_Source material_:
*** Begin section ***

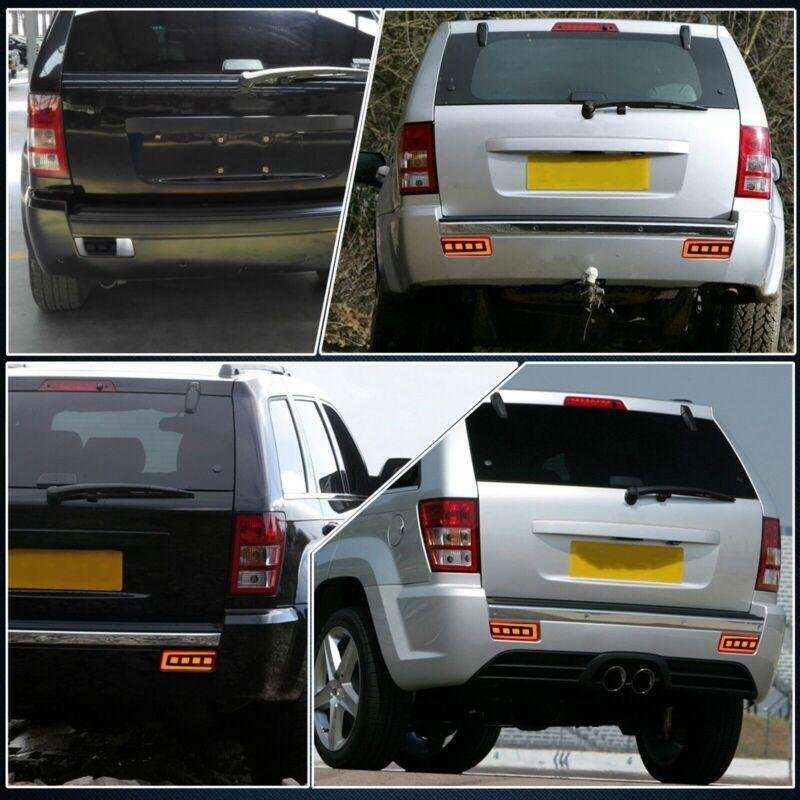 Smoked Rear Reflector LED Tail Brake Signal Lights For 05-10 Jeep Grand Cherokee
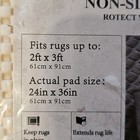 Non-slip Rug Pad Ivory Sz 24 in X 36  In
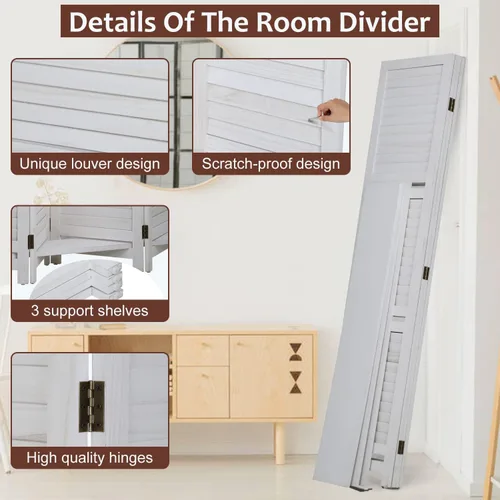 Vista 6 de Divisor de habitación de 5.7 pies de alto, pantalla de privacidad plegable de madera con tres estantes, pantalla de partición portátil para oficina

*** End section ***

_Your task_:
Print exactly the line containing "Non-slip Rug Pad" and every line after it through the final line above, and leave all pictures out.

_Task result_:
 Non-slip Rug Pad Ivory Sz 24 in X 36  In
 Vista 6 de Divisor de habitación de 5.7 pies de alto, pantalla de privacidad plegable de madera con tres estantes, pantalla de partición portátil para oficina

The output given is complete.